Chances are, you are already experiencing the consequences of bounded rationality in your everyday life.
For one thing, to understand bounded rationality is to understand that as a human, you are inherently an irrational being trying to fit into a rational box. You are constantly making choices—and likely putting pressure on yourself to make the ‘right’ one—while having to overcome a variety of biases and heuristics you are already prone to.
Of course, you are also susceptible to cognitive fatigue. After a 15-hour shift at work or the mental effort it takes to resist a third slice of pizza, you are more prone to using heuristics and more likely to make a poor decision than you might after a restful 8 hours of sleep. Although heuristics and biases are always present, they can be much more influential when your mental resources are depleted.

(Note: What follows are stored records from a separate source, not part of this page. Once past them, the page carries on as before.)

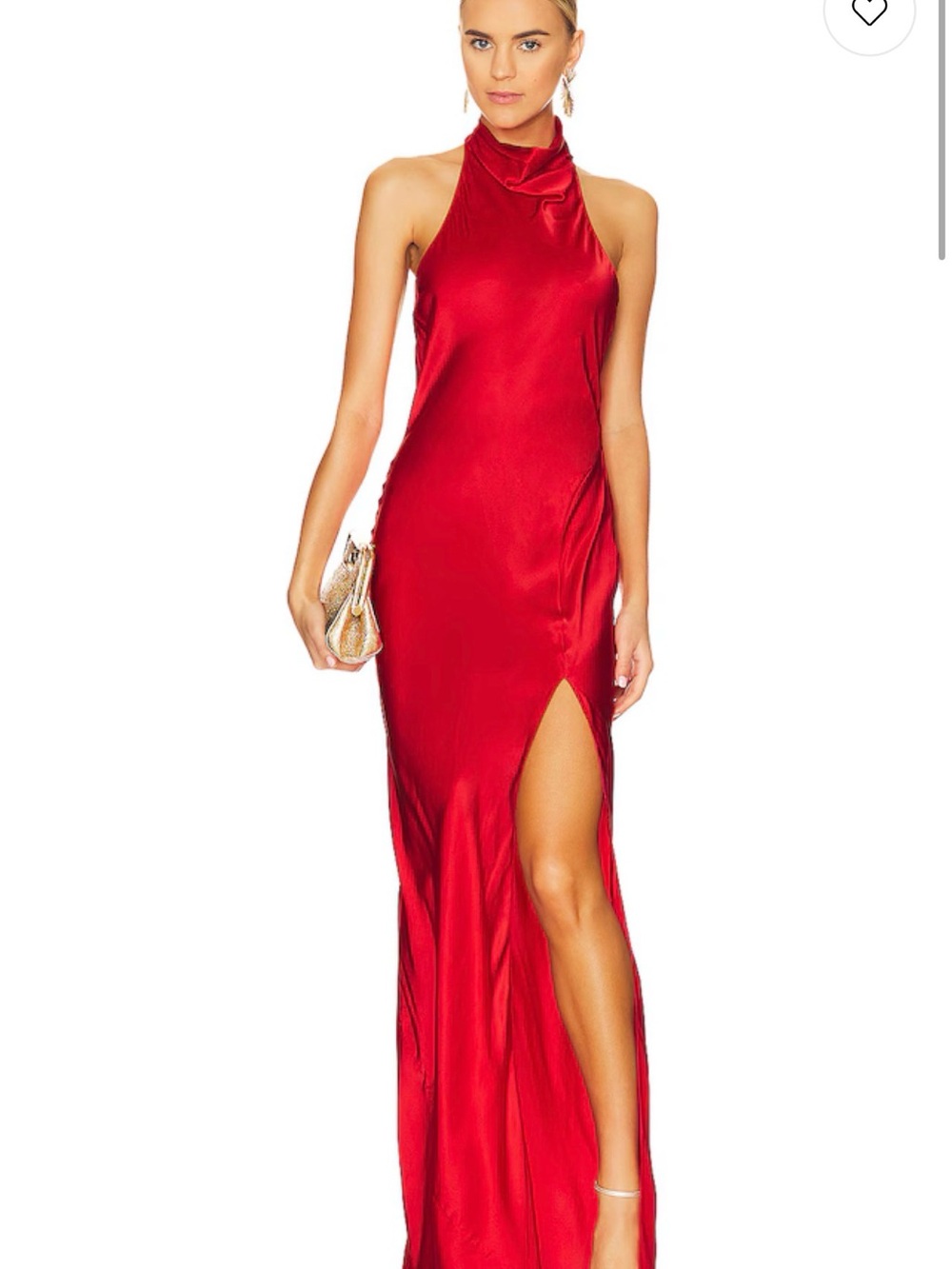 Amanda Uprichard X REVOLVE Marla Gown- Red Halter Satin Evening Dress Thigh Slit
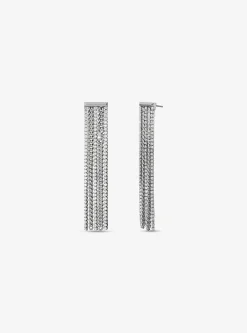 Precious Metal-Plated Brass Pav&eacute; Chain Drop Earrings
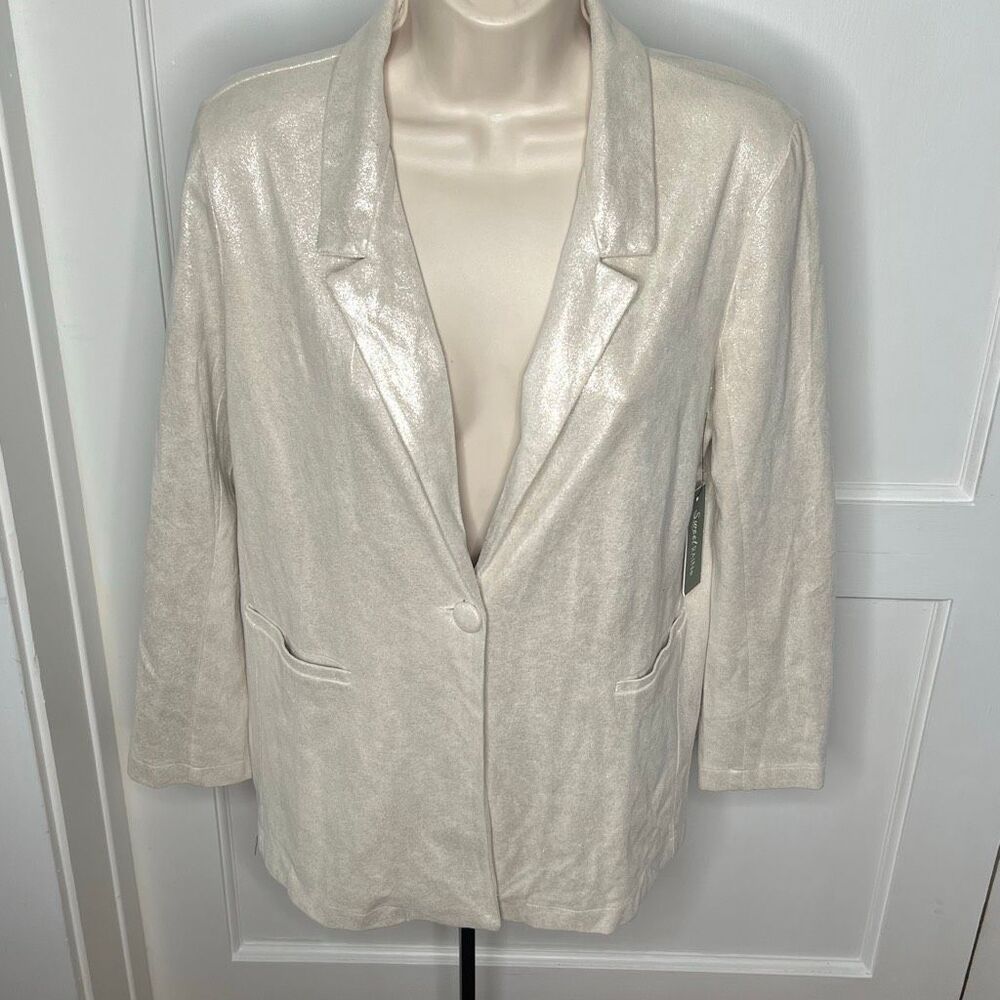 Sweet Rain Shimmering Metallic Blazer Size Medium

Also, each of your choices requires a certain amount of information before it can be made. While you know this, you also know that you don’t have the time nor money to consult all possible information on a topic before making a decision about it. You may ask one or two people who have been to different universities before making your own choice, but you’re not going to consult all existing alumni. Thus, bounded by a certain fixed level of cognitive resources and information at any given time, your choices are probably about half chance.
So far, do you feel more sure of your last choice, or less sure? On one hand, the concept of bounded rationality can be terrifying since it comes with the conclusion that you don’t have full control over your choices, and therefore can’t guarantee your desired outcomes.
On the other hand, the concept of bounded rationality is humbling, as it brings attention to the fact that there is not always a perfectly ‘right choice’ and that our decisions are the result of a variety of uncontrollable factors.
Overall, the concept of bounded rationality calls attention to the fact that we need a certain degree of irrationality in order to live a rational life. Although your choices may be partially irrational since they are based on limited resources, would it be more rational to spend days on end compiling all possible information you could find before making a simple choice? Absolutely not. In order to live a life that is rational, we need to give in to a certain level of ‘irrational’ decisions.